Como exemplos apontou “algumas fibras, nomeadamente as fibras sintéticas, onde a China é o grande produtor mundial”, enquanto no caso do fio e dos tecidos de algodão “já não é assim tanto, porque embora sendo a China um produtor importante, há outras zonas do globo que também são grandes produtores”.
Ainda assim, a ATP diz que “as últimas informações” recebidas por parte dos seus associados apontam que “nos próximos dias poderão já começar a sair novamente da China as compras que lá tinham sido colocadas” e “a situação será desbloqueada”.

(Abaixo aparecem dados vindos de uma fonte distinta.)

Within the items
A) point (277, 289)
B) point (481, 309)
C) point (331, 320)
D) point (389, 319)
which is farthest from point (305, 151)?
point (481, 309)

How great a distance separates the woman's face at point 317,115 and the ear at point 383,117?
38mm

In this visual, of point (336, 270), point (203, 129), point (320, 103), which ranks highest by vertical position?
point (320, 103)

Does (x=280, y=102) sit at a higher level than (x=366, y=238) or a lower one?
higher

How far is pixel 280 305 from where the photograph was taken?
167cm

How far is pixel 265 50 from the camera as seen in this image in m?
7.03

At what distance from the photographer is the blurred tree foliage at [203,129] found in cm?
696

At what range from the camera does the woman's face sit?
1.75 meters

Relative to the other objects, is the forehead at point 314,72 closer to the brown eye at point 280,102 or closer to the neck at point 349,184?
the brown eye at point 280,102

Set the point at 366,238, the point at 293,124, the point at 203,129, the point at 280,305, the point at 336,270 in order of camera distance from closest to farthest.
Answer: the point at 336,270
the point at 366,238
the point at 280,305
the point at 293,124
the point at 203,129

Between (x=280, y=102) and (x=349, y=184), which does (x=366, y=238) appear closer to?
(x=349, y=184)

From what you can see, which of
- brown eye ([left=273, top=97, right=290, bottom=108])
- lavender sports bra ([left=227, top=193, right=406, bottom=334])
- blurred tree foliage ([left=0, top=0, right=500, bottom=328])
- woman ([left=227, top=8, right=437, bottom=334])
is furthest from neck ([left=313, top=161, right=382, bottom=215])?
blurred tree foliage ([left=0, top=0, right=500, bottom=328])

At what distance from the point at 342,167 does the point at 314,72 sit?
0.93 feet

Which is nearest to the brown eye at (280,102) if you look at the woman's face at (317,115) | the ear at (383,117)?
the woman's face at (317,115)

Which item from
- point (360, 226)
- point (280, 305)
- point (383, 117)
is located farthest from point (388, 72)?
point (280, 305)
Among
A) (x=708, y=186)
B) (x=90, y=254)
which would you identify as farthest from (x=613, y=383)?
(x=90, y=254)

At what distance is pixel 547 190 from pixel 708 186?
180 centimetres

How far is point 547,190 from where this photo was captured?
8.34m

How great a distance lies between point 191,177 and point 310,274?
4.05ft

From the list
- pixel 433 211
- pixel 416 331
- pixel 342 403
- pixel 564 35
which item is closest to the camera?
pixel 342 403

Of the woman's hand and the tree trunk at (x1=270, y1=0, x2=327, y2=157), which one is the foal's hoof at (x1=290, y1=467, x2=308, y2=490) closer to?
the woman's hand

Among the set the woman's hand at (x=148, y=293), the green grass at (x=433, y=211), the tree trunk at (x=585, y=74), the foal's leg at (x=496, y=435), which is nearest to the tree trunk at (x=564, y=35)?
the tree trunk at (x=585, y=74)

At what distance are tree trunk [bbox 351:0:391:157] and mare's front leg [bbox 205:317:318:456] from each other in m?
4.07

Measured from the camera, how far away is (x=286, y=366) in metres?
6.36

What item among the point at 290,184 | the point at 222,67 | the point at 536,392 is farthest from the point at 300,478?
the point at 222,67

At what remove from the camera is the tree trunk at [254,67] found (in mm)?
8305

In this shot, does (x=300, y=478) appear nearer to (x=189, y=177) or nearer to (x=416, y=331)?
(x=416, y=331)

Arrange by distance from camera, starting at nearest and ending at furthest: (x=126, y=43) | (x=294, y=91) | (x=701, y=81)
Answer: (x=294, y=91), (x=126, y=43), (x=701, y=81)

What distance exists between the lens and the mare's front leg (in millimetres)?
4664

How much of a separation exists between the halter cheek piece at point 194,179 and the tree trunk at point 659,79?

“Há encomendas que já estavam em trânsito quando a crise explodiu e estão neste momento a chegar cá para alimentar as cadeias de abastecimento. Eu diria que o problema de escassez [de matérias-primas] ainda não se sente hoje, mas pode sentir-se a partir de meados de março, que é quando aquilo que devia ter saído da China deveria estar a chegar”.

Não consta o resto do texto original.